EXERCISE BRIEF: Write out the data that follows exactly, keeping every picture out.
-- -- --
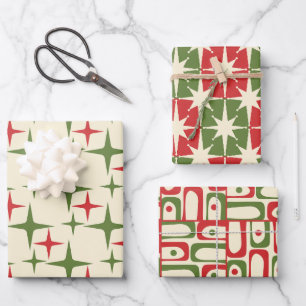 Retro-Weihnachtsmuster im Stil der Mitte des 20. J Geschenkpapier Set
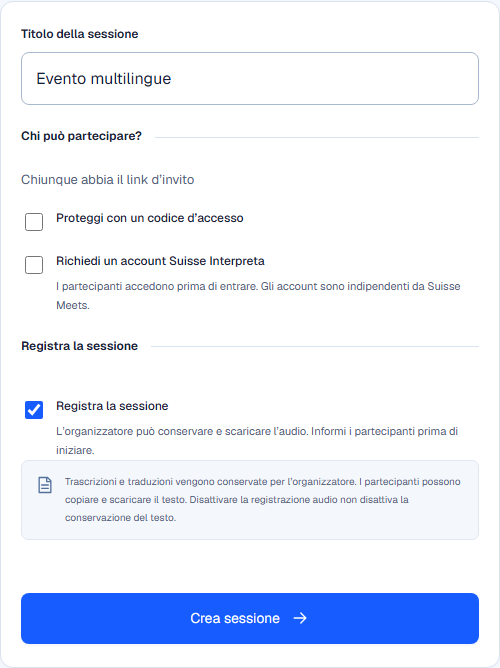 Modulo per creare una sessione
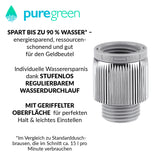 puregreen einstellbarer Wassersparer für die Dusche - chromfarben mit stufenlos regulierbarem Wasserdurchlauf und geriffelter Oberfläche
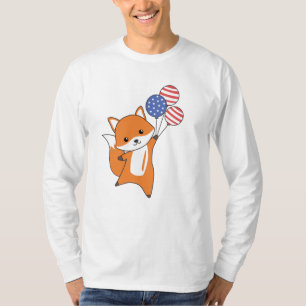 Fox Flies Balloons Usa über Niedliche Tiere Füchse T-Shirt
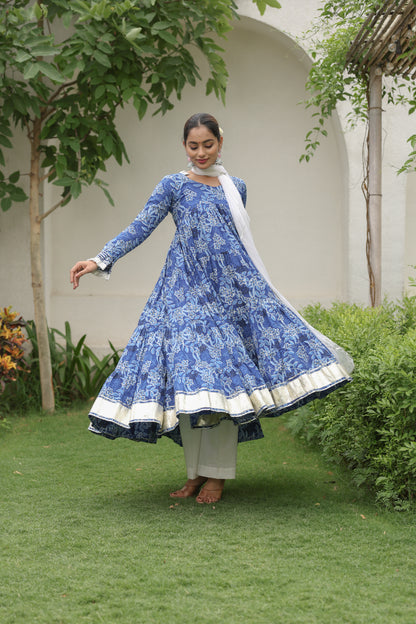 Indigo printed Cotton Anarkali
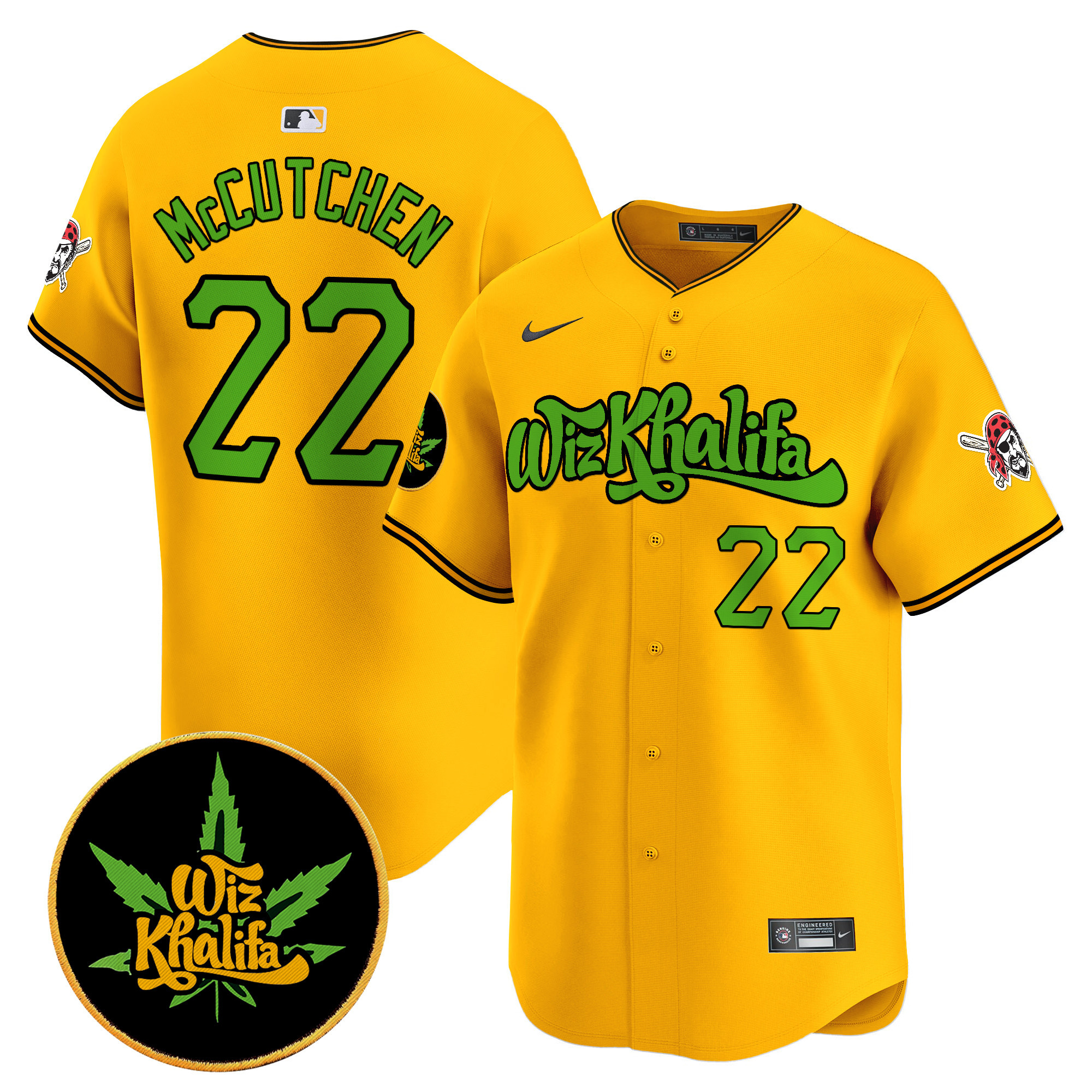 Men's Andrew McCutchen Pittsburgh Pirates Wiz Khalifa Vapor Premier Limited Gold Jersey - All Stitched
-- -- --
REPLY TO THE TASK:
 Retro-Weihnachtsmuster im Stil der Mitte des 20. J Geschenkpapier Set
 Modulo per creare una sessione
 puregreen einstellbarer Wassersparer für die Dusche - chromfarben mit stufenlos regulierbarem Wasserdurchlauf und geriffelter Oberfläche
 Fox Flies Balloons Usa über Niedliche Tiere Füchse T-Shirt
 Indigo printed Cotton Anarkali
 Men's Andrew McCutchen Pittsburgh Pirates Wiz Khalifa Vapor Premier Limited Gold Jersey - All Stitched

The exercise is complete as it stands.